Giftiges Millionenerbe aus Flugzeugabsturz

■ Die bankrotte Firma eines Verunglückten hinterläßt acht Millionen Mark Schulden und ein völlig verseuchtes Gelände

Der bislang ungeklärte Cessna- Absturz kommt vermutlich den Steuerzahler teuer zu stehen. Wenn sich kein Rechtsnachfolger für Kristian Benzmann, den alleinigen Gesellschafter der Farben- und Lackfirma „Chemulack“ in Steglitz, findet, dann geht das stillgelegte Unternehmen und mit ihm alle seine Altlasten in Staatsbesitz über. Das erklärten übereinstimmend der Justizpressesprecher Rüdiger Reiff und der Umweltstadtrat des Bezirks Steglitz, Udo Bensel (Bündnisgrüne), gegenüber der taz. Benzmann stand auf der Passagierliste des Unglücksjets, der am Rosenmontag bei Freilassing auf bislang ungeklärte Weise abgestürzt war. Dabei starben alle zehn Insassen.
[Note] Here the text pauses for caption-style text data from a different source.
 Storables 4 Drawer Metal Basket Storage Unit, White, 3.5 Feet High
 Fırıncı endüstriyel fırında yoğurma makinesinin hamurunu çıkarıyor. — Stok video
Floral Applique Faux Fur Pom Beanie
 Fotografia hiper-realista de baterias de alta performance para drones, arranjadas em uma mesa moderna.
Ob Familienangehörige das Erbe von Chemulack übernehmen wollen, erscheint äußerst fraglich. Denn den Rechtsnachfolgern von „Chemulack“ drohen gewaltige Kosten: Der restliche Sondermüll der verwaisten Firma muß beseitigt, das Betriebsgelände muß saniert werden. Die Sanierung des verseuchten Grundstücks kann Kosten in möglicherweise dreistelliger Millionenhöhe verursachen.
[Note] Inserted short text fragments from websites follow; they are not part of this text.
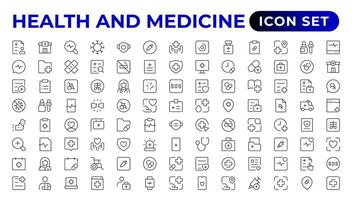 medizinisch und Gesundheit eben Symbole. Sammlung Gesundheit Pflege medizinisch Zeichen Symbole vektor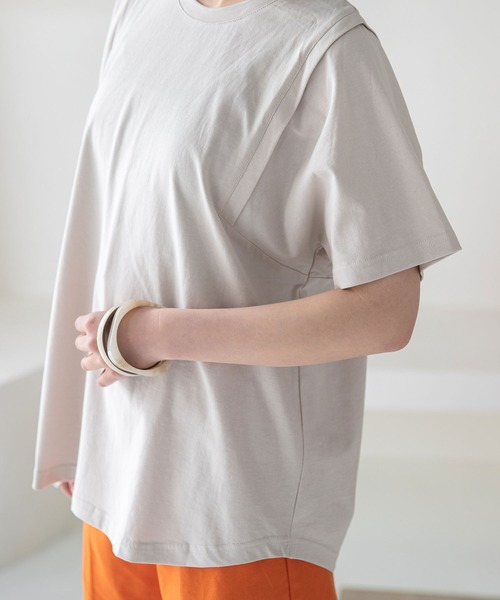 rectangle（レクタングル）の「オーガニックコットンキリカエショルダーT（Tシャツ/カットソー・レディース・チャコールグレー/モカ/ブラック/グレイッシュベージュ/グリーン/オフホワイト・FREE）」の20枚目の写真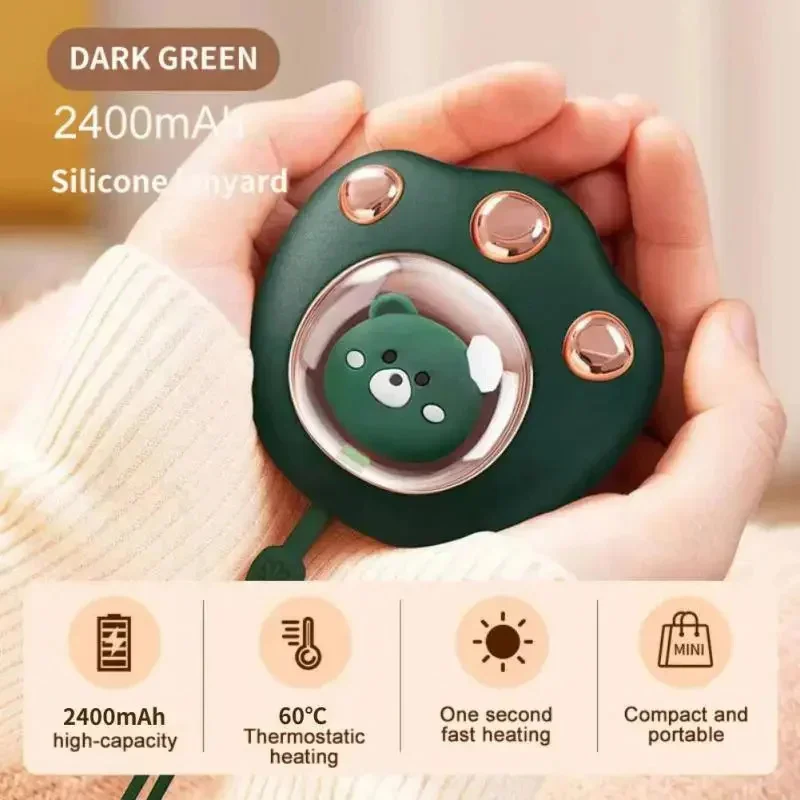 Nová mačka ruka teplejšia 1200 mAh USB Nabíjateľná zimná zimná roztomilá udržujte teplé prenosné vrecko Mini elektrický ohrievač ruky teplejšie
Das Unternehmen wird derzeit abgewickelt, seitdem es vom Umweltamt des Bezirks Steglitz Mitte Dezember 1993 stillgelegt wurde. Das Hauptproblem von „Chemulack“ sind nicht die Verbindlichkeiten bei Gläubigern in Höhe von 8 Millionen Mark, sondern es ist das hochgradig kontaminierte Firmengelände. Der Grund an der Goerzallee 303 ist durch jahrzehntelange unsachgemäße Lagerung von Lackresten und Verdünnungsmitteln verseucht, und zwar so erheblich, daß auch das Grundwasser verunreinigt wurde. „Wegen schwerer Umweltgefährdung“ hat die Umweltkripo zweieinhalb Jahre gegen Firmenchef Benzmann ermittelt. Nun sollte die Staatsanwaltschaft darüber entscheiden, ob Anklage erhoben wird.

Die Sanierung des Bodens wird kaum mit 865.000 Mark zu bewerkstelligen sein, so wie es ein Bodengutachten von Jürgen Tesdorpf aussagte. Tesdorpf war von Benzmann beauftragt worden. Auch Tesdorpf gehört zu den mutmaßlichen Insassen des Unglücksjets. „Der hätte doch jedes Gutachten geschrieben“, sagt Umweltstadtrat Bensel.
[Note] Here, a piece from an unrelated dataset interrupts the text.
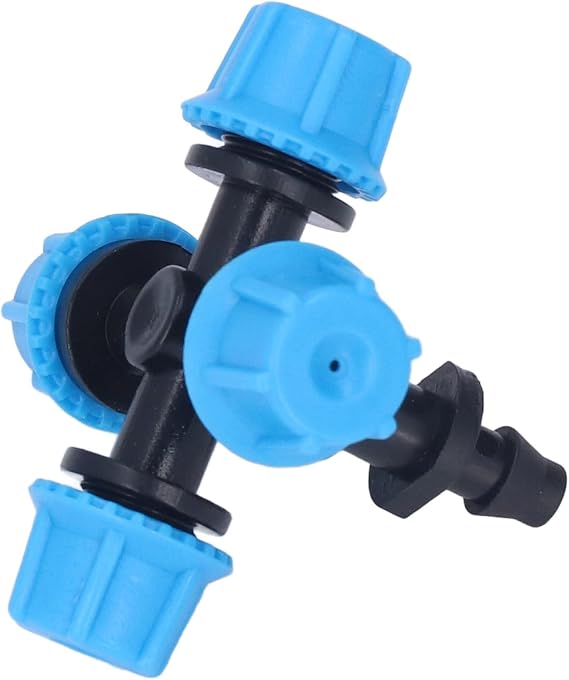 20Pcs 4-Head Misting Spray Nozzle, Garden Sprinklers Drip Sprinkler Head Irrigation Cross Atomization Micro Nozzle for Patio Misting Cooling System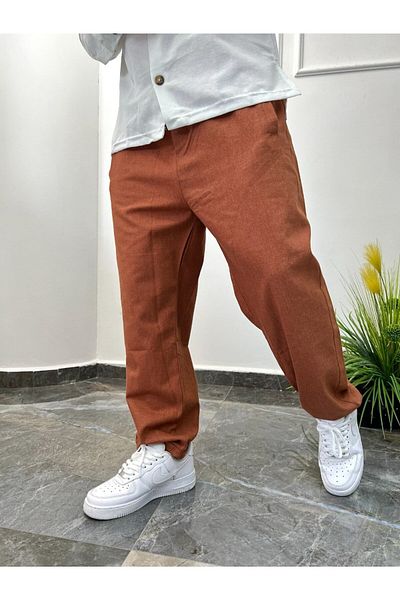 NOMARC Λινό παντελόνι Cream Color Nm-2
Doch aus leidvoller Erfahrung weiß Bensel: So billig ist eine Bodensanierung nicht zu haben. Erst im letzten Jahr wurde die Sanierung eines Geländes der Farben- und Lackfirma Kalisch abgeschlossen. Die Kosten betrugen 65 Millionen Mark. Bereits für diese Verseuchung mußte der Steuerzahler an Stelle des Unternehmens und der ursprünglichen Grundeigentümer aufkommen. Im Fall Chemulack drohen nun aber noch höhere Kosten, weil das Gelände größer ist.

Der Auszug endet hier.